Thin line between apes and humans
As cinema's great simian saga adds a new episode, Mathew Scott looks at the socio-political issues that fuel Planet of the Apes' appeal to audiences

To fully appreciate the impact Planet of the Apes first had, it helps to look back to the turmoil throughout the world in 1968.
When director Franklin J. Schaffner launched the original franchise - presenting box office hero Charlton Heston, embodiment of the all-American man, as an astronaut who stumbles on to a planet that is strangely familiar - the Vietnam war was still raging, while the civil rights movement had gripped America and shaken that nation into facing up to issues of freedom and basic human rights.
“I was struck by how these films were about violence, fear, hatred and oppression, but also about the struggle for forgiveness, the importance of compassion and the necessity of taking risks to side with the vulnerable.”
In many ways, the world as people had known it was being turned upside down and for the studio heads at 20th Century Fox, Frenchman Pierre Boulle's 1963 novel La Planète des Singes provided a temptation too great to ignore. The fantastical story was designed to force its audience to question man's place on this planet and was tweaked first by one of the masters of the macabre, The Twilight Zone's Rod Serling, before Michael Wilson - the once-blacklisted writer behind It's a Wonderful Life (1946) and A Place in the Sun (1951) - was brought in to fine-tune things.
The original budget had crept towards what was in 1968 an incredible US$6 million - but the money (which mostly went towards John Chambers' ground-breaking make-up designs) proved well-spent. The filmmakers had conjured up an imagined world that was frightening because it was so believable, backed by a razor-sharp script and impassioned lead performances (as humans and as apes) that dared the audience not to believe.

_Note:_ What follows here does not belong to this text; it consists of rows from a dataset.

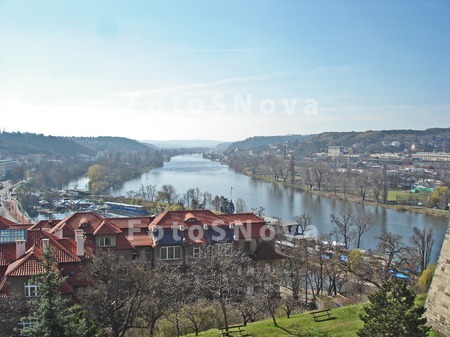чехия_Прага_река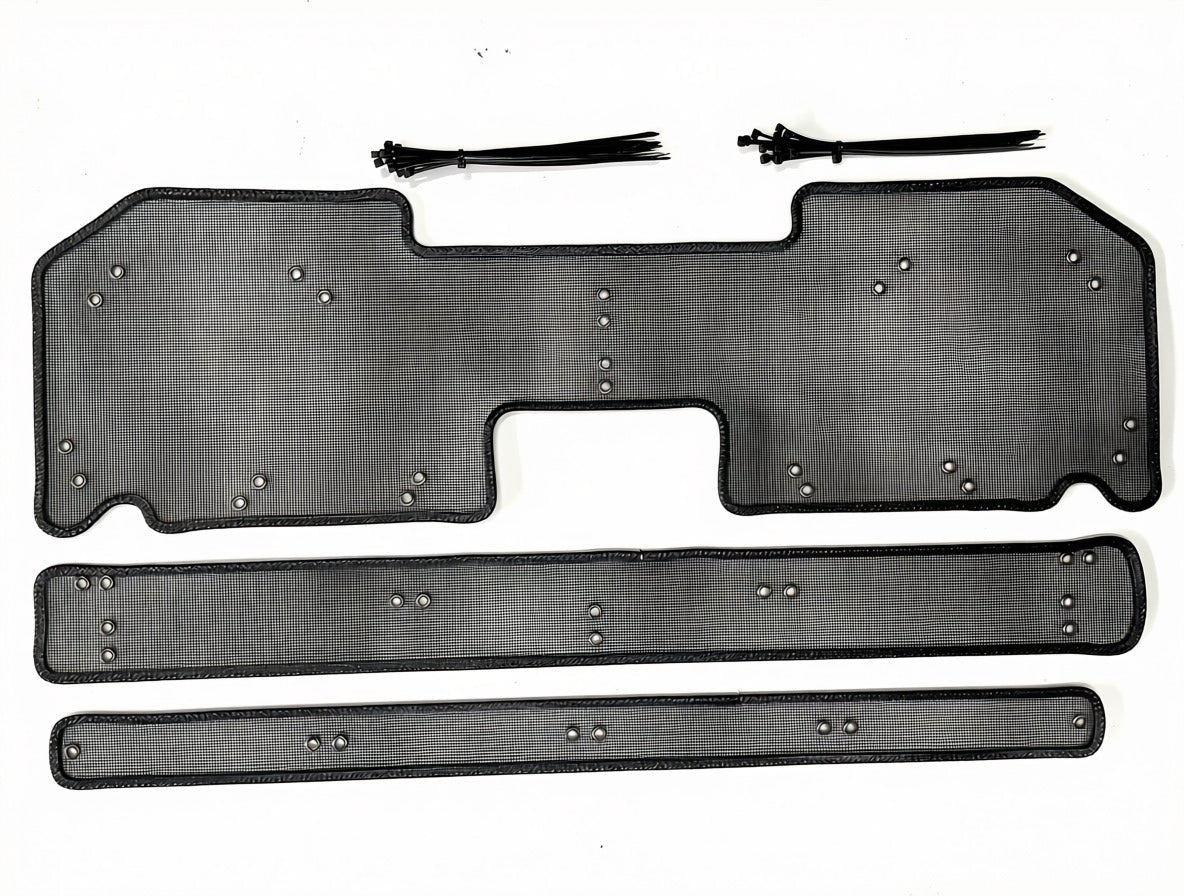 Grill Bug Screen for Toyota Landcruiser 2024 79 Series Full Set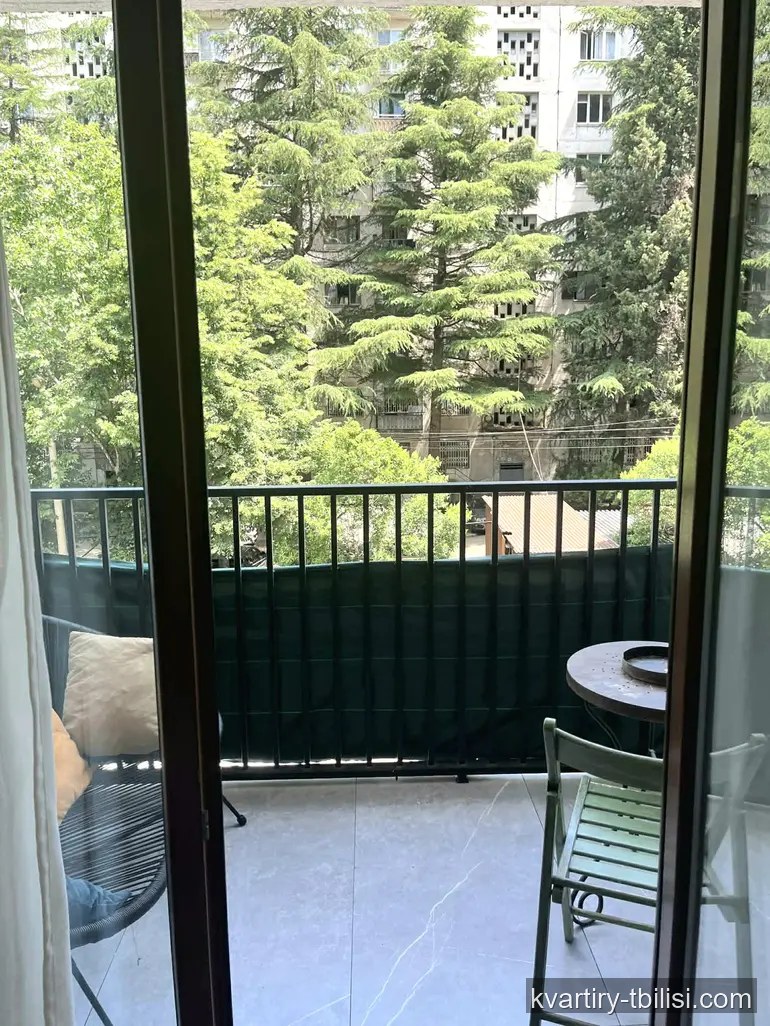 Трёхкомнатная квартира в Глдани — 600 USD/мес | Tbilisi Homes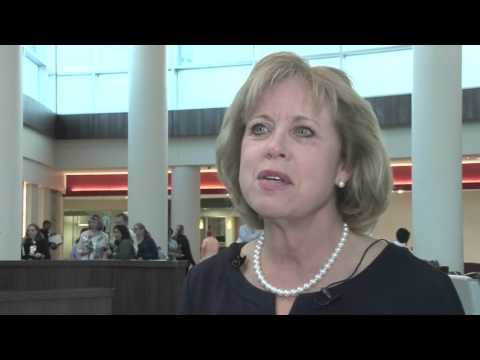 Sentara Leigh Hospital Lobby Opening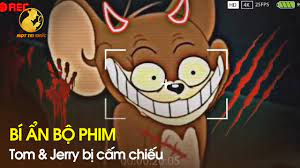Bí Ẩn Những Bộ Phim Hoạt Hình Tom And Jerry Bị Cấm Chiếu - YouTube
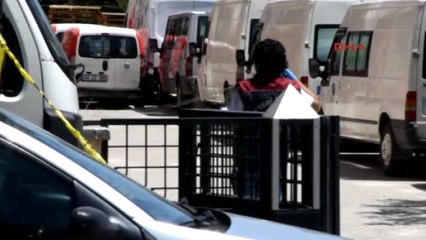 Malatya Ihale Öncesi Firmaya Silahlı Baskın 1 Ölü, 2 Yaralı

The film collected an estimated US$32 million from the box office and thrilled audiences despite a number of critics looking down their noses ("It is no good at all, but fun, at moments, to watch," said The New York Times).

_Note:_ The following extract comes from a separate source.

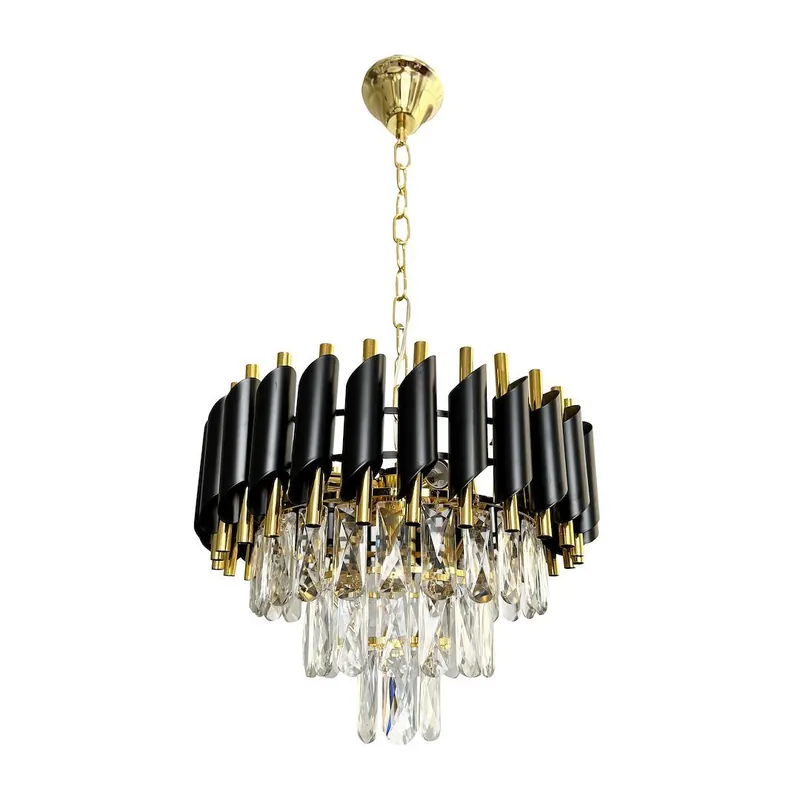 Nézd meg most Függőlámpa CRISTAL ML1634 5x40W/E14 IP20 a Milagro-tól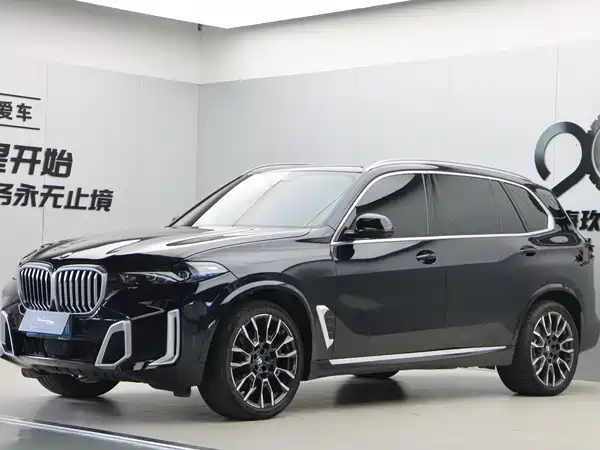 BMW X5 2025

And then there were the themes explored by that first film, and by the novels, television series, comic books and reboots - the latest being Dawn of the Planet of the Apes, which is released on Thursday - that have been developed from it since. For California-based civil rights activist Eric Greene, author of Planet of the Apes as American Myth: Race, Politics and Popular Culture (1998), the impact the original films had on him as a youngster were immediate and the issues they forced him to address still resonate today.